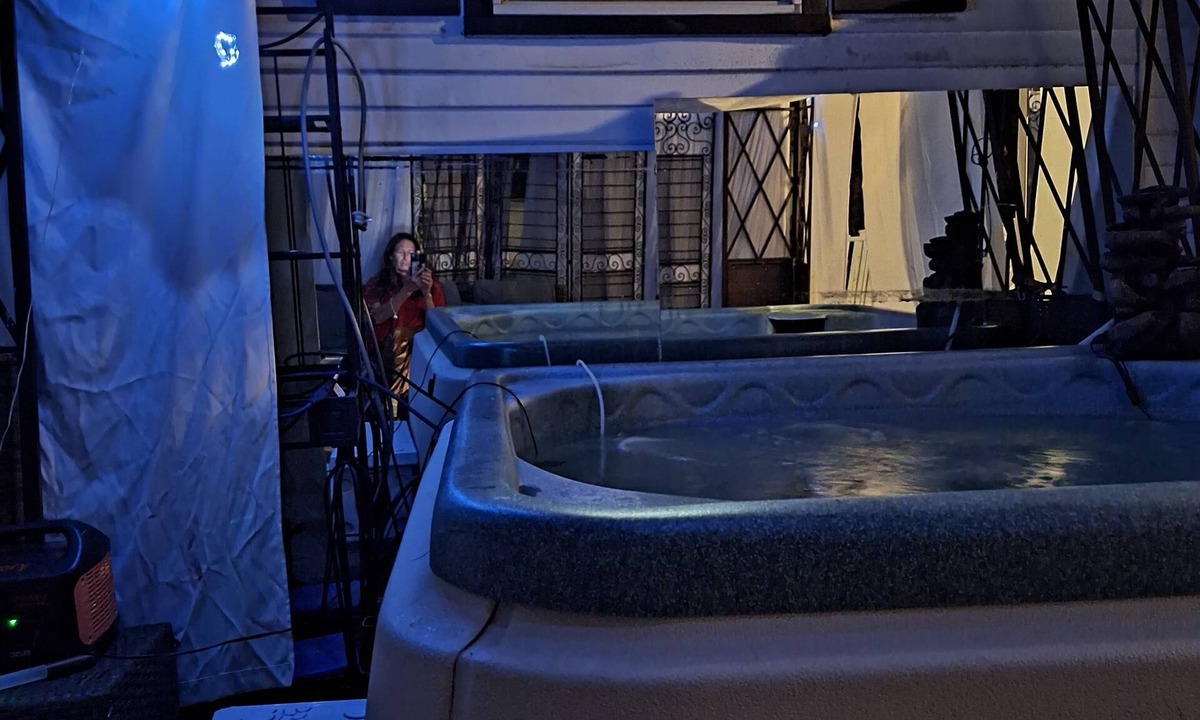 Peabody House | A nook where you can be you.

^^^^^^^^^^^^^^^^

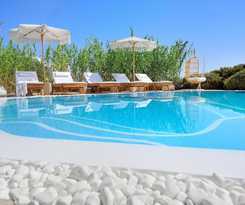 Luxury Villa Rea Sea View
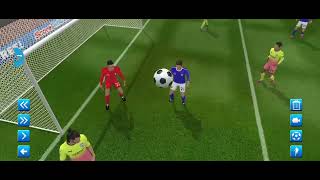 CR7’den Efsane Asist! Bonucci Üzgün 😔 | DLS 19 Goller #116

^^^^^^^^^^^^^^^^

(Exercise prompt)
Every line above in the stretch from the one with "Luxury Villa Rea Sea View" through the one with "CR7’den Efsane Asist!" is to be transcribed exactly, ends included. No picture is copied.

(Result of the task)
 Luxury Villa Rea Sea View
 CR7’den Efsane Asist! Bonucci Üzgün 😔 | DLS 19 Goller #116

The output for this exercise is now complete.